Canton, Ohio Established 1805

By Dan Shingler at Crain’s Cleveland Business

Downtown Canton isn’t quite bustling, but there’s a definite air of optimism, with people moving into new luxury apartments, a major new hotel and events center slated for next year, and potentially more residential development to follow in the years ahead.

It’s an overnight success that’s been two decades in the making.

"Downtown Canton prior to 2000, frankly, was just a humbling place. The public infrastructure was horrible and people just didn’t come down to this area," said Mike Gill, vice president of economic development for the Canton Regional Chamber of Commerce and president of the Downtown Canton Land Bank.

Since then, however, Gill said he’s been tracking a wave of investment in the city’s core.

"From the year 2000 until this year, we are now at $189 million of (primarily private) investment in our downtown. … For a city our size, I think that’s very significant, and it’s led us into new directions with a new atmosphere. Now it’s, ’People are investing in downtown Canton and I want to be part of that,’ " Gill said.

Much of the new money has gone toward residential development that Gill and others hope will continue and help repopulate the city center. The near-term success of recent projects and others about to be unveiled may determine the city’s future.

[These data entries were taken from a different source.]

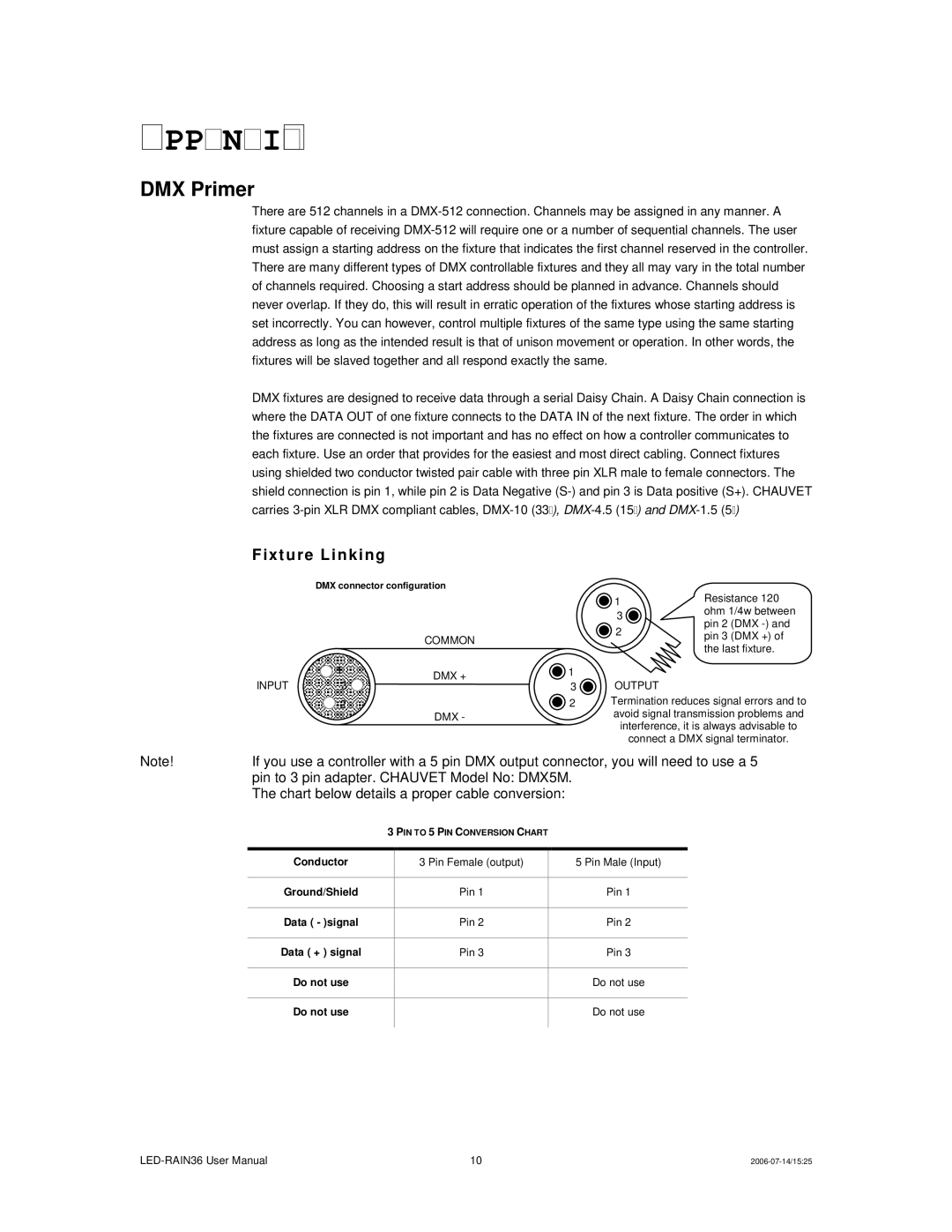 Chauvet LED-RAIN36 user manual Appendix, DMX Primer, Fixtu re Li nking 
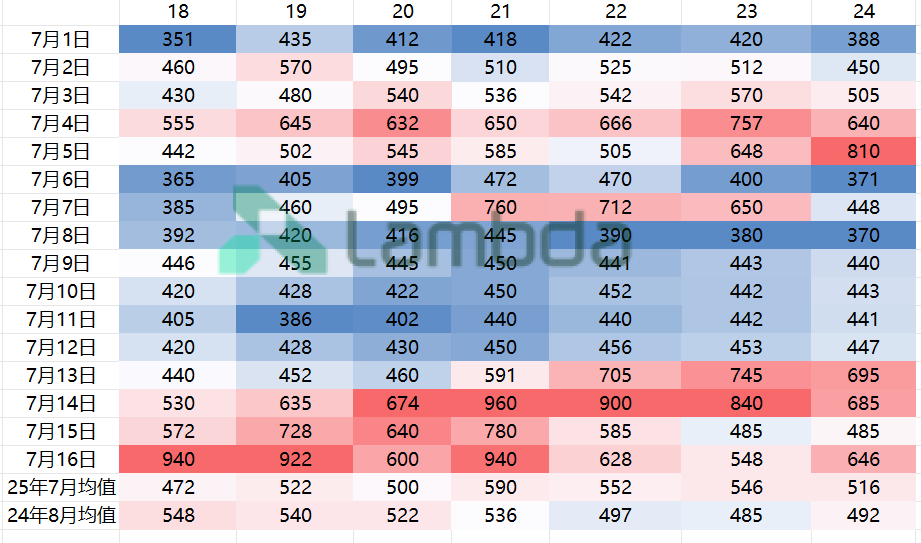 掘金省間中長期市場：套利與避險的關(guān)鍵路徑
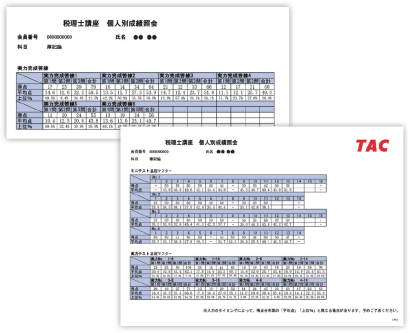 ベーシックコース～初学者対象～ | 税理士 ｜資格の学校TAC[タック]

"It’s all about downtown housing," developer Steve Coon said. "It’s not restaurants or office space. It’s people living downtown. That’s what brings downtowns back. … After that, the offices and the restaurants will come, but first it’s all about people living downtown."

Perhaps more than anyone else, Coon has been bringing people to live in downtown Canton in recent years by building new residences.

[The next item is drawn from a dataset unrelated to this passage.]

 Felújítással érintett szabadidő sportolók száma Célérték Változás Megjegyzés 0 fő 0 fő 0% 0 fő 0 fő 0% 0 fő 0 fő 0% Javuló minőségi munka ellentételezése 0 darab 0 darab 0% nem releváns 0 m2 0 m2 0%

"He goes in, he sees the potential and he just does it," said Dan Spring, president of NAI Spring real estate in Canton. "He doesn’t care what other people tell him. He says, ’I’m going to turn this building into high-end apartments.’ Then he does it — and fills it up."

The native of nearby Louisville, along with his 160 employees at Coon Restoration there, has renovated a string of downtown Canton buildings that now house new residents and businesses.
New places to live

Coon said he’s been buying and renovating buildings in downtown Canton since 1998.

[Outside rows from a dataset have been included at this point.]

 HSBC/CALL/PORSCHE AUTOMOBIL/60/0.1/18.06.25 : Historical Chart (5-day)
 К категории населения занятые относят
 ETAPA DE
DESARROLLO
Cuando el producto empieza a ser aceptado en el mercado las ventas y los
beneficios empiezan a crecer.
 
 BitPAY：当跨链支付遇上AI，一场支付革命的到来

"It all started when I did the Northmark Building, where Carpe Diem Coffee Shop is. … Then, I just started buying buildings downtown. People joked, ’You’re buying buildings downtown and everybody’s leaving. You keep buying buildings that should be torn down.’ Now, 20 years later, I look like the smartest guy in the room," Coon said with a chuckle

With renovation projects such as Cleveland’s Terminal Tower, the residential conversion of the former Cleveland Athletic Club and historic preservations in many other places under his belt, Coon isn’t shy about taking on major projects. He is a major contractor on Akron’s Bowery Project.

He also has partners who are willing to consider new investment opportunities, he said, including Canton developer Bob Timken and Akron entrepreneur and developer Randy Theken.

Coon’s two recent residential projects are his most talked about efforts: the conversion of the Bliss and Onesto buildings — major office and hotel buildings, respectively — into luxury apartments.

They sit next to each other on Second Street Northwest, in the heart of downtown’s Innovation District, which is aimed at fostering tech startups. Both buildings were in need of a lot of love, especially the Onesto, which had been vacant and neglected for years.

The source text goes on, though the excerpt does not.